The listing below should be written out word for word, with its pictures removed.

Given data:

[Start of Attachment]

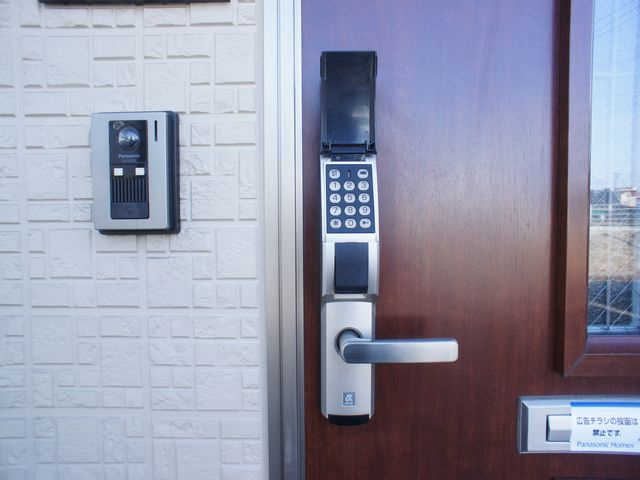 【設備】 | ラ・カーサ・フェリーチェ(la CaSa felice) | 電子キーで鍵いらずです。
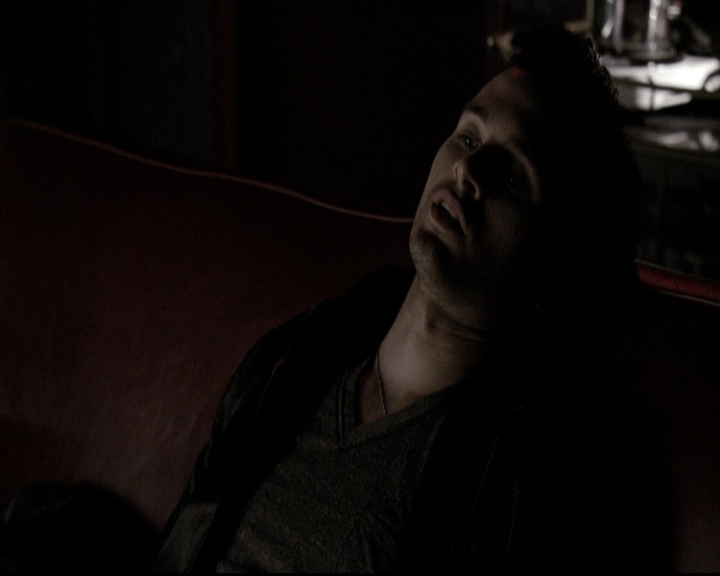 VampireDiariesWorld-dot-nl_6x18INeverCouldLoveLikeThat1621.jpg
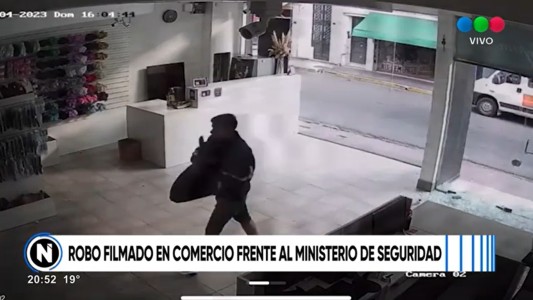 Filmado y a metros del Ministerio de Seguridad, robó en un comercio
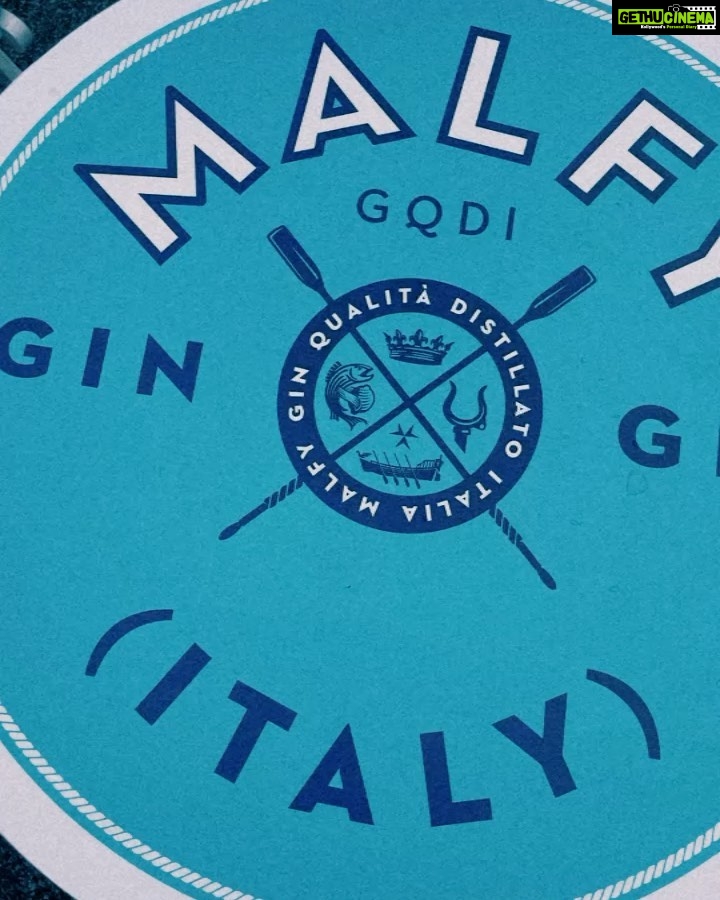Narelle Kheng Instagram - 🍋💐Be sure to stop by @malfygin ‘s Italian gin garden at Singapore Cocktail Festival (SGCF)🤸🏻♀️you can’t miss it; it’s smack centre with lawn chairs set up so you can enjoy refreshing cocktails n be cool and comfy ~ SGCF is happening this weekend only at the Bayfront event space outside MBS~ tons of amazing drinks and music acts (@jukuleles at 830 today n tomorrow you don’t wanna miss them !! ) Enjoy Responsibly 🌸 #MalfyGin #ImmaginaMalfy Bayfront Event Space, Marina Bay (Beside MBS)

[End of Attachment]

Task solution:
 【設備】 | ラ・カーサ・フェリーチェ(la CaSa felice) | 電子キーで鍵いらずです。
 VampireDiariesWorld-dot-nl_6x18INeverCouldLoveLikeThat1621.jpg
 Filmado y a metros del Ministerio de Seguridad, robó en un comercio
Narelle Kheng Instagram - 🍋💐Be sure to stop by @malfygin ‘s Italian gin garden at Singapore Cocktail Festival (SGCF)🤸🏻♀️you can’t miss it; it’s smack centre with lawn chairs set up so you can enjoy refreshing cocktails n be cool and comfy ~ SGCF is happening this weekend only at the Bayfront event space outside MBS~ tons of amazing drinks and music acts (@jukuleles at 830 today n tomorrow you don’t wanna miss them !! ) Enjoy Responsibly 🌸 #MalfyGin #ImmaginaMalfy Bayfront Event Space, Marina Bay (Beside MBS)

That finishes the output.